On 12 February 2015 the Insurance Act 2015 received Royal Assent and was therefore officially law.
The following summary is for ‘guidance’of what you need to know and what you should consider doing next.
Current commercial insurance law is founded on the Marine insurance Act 1906, a statute comprised of eighteenth and nineteenth century case law. The rules in this statute have been described as “out-of-touch” with modern practice and have been long overdue for a review and over-haul, thus creating the Insurance Act 2015.
So it became ‘law’ on the 12th February 2015 and seeks to amend the rules to reflect modern business practice. In particular it addresses the imbalance in rights and remedies, currently in favour of insurers. It will govern the placement of all commercial insurance in the UK, and will apply to policies incepted or renewed from 12 August 2016.
Despite this 18-month lag time, industry has encouraged both brokers and the industry as a whole to prepare for and implement the reforms as soon as possible.
Implications for policyholders/clients:
Below we have summarised the key changes in the law covering disclosure, warranties and fraudulent claims.
Disclosure: “Duty of Fair Presentation of Risk”

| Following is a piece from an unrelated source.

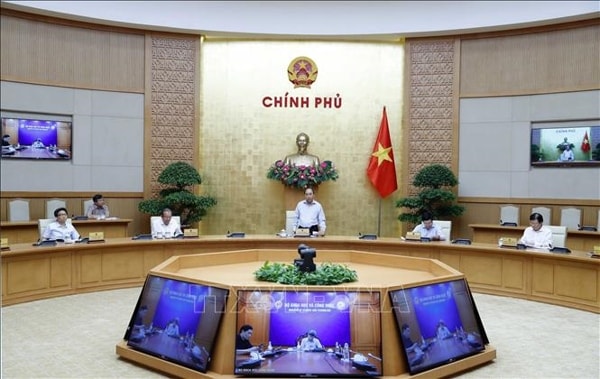 Thủ tướng Nguyễn Xuân Phúc chủ trì cuộc họp. Ảnh: TTXVN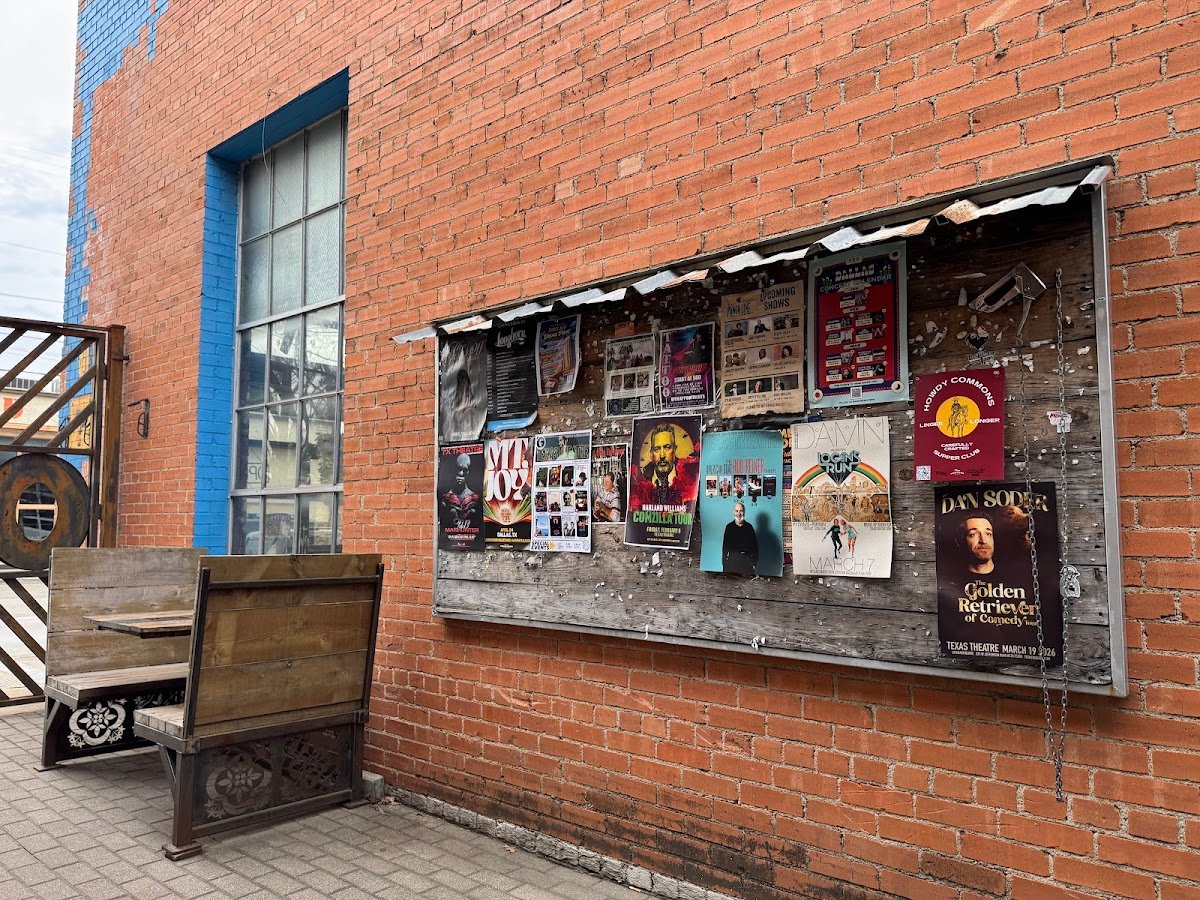 Davis Street Espresso specialty coffee shop in Dallas - photo 4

The Act amends the existing duty on the insured to disclose any fact material to the risk.
Considerations for policyholders:
- The duty applies to both pre-inception disclosure and where changes in risk are relevant to a proposed variation in the insurance contract;
- The insured must disclose every material circumstance they know or ought to know including:
- what is known by senior management of the insured;
- what is known by those persons responsible for organising the insurance for the organisation;
- what ought to be known in the ordinary course of business;
- what can be revealed by a reasonable search of information available to the insured.
- Where material information is not known by the insured, sufficient information for a prudent insurer to know to make further enquiries must be provided;
- Information must be presented in a reasonably clear and accessible manner, to include a relevant structuring of information;
- The insured has a duty to not make misrepresentations;
- A range of proportionate remedies are available to the insurer in the event of a breach of disclosure:
- Deliberate or reckless breach:The insurer can avoid the contract, refuse all claims and retain the premium;
- Careless breach (not deliberate or reckless):If the insurer would not have entered into the contract, the insurer may avoid the contract, refuse all claims and return the premiums paid. If the insurer would have entered into the contract, but on different terms, the contract is to be treated as if on those terms from the outset. If the insurer would have entered into the contract at a higher premium, the insurer may proportionately reduce the amount to be paid on a claim.
Warranties: “Suspensive conditions”
The Act amends the existing rules where even minor breaches of warranties can provide insurers with a defence to a claim.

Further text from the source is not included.